▶
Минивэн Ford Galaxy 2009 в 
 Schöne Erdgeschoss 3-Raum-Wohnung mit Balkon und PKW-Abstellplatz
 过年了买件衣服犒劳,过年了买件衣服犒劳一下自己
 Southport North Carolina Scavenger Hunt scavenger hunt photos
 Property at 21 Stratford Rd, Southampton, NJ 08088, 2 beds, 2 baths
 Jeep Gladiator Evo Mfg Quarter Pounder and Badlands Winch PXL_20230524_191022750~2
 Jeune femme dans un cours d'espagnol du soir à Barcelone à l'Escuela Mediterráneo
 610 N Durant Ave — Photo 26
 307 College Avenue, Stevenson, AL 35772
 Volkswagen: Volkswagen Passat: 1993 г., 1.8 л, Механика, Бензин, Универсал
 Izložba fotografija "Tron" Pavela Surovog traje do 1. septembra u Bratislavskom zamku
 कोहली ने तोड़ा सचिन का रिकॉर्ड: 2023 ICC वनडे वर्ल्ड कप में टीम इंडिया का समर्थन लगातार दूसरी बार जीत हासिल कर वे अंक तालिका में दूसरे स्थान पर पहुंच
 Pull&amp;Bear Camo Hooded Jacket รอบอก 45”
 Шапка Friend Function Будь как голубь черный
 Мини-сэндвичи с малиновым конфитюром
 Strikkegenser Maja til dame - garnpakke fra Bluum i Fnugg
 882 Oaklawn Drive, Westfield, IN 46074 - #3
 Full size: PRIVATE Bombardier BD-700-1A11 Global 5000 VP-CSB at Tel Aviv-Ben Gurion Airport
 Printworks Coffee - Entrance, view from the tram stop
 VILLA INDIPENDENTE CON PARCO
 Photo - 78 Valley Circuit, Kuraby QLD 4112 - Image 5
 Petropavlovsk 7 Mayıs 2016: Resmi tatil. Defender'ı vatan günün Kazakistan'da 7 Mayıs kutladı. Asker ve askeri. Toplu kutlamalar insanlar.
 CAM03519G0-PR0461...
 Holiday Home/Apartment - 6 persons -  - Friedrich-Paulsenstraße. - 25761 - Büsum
◀
- [PROBLEM TO SOLVE]
From the data above, output exactly the lines between the one containing "Southport North Carolina" and the one containing "Volkswagen: Volkswagen Passat: 1993", counting both of them.

- [TASK SOLUTION]
 Southport North Carolina Scavenger Hunt scavenger hunt photos
 Property at 21 Stratford Rd, Southampton, NJ 08088, 2 beds, 2 baths
 Jeep Gladiator Evo Mfg Quarter Pounder and Badlands Winch PXL_20230524_191022750~2
 Jeune femme dans un cours d'espagnol du soir à Barcelone à l'Escuela Mediterráneo
 610 N Durant Ave — Photo 26
 307 College Avenue, Stevenson, AL 35772
 Volkswagen: Volkswagen Passat: 1993 г., 1.8 л, Механика, Бензин, Универсал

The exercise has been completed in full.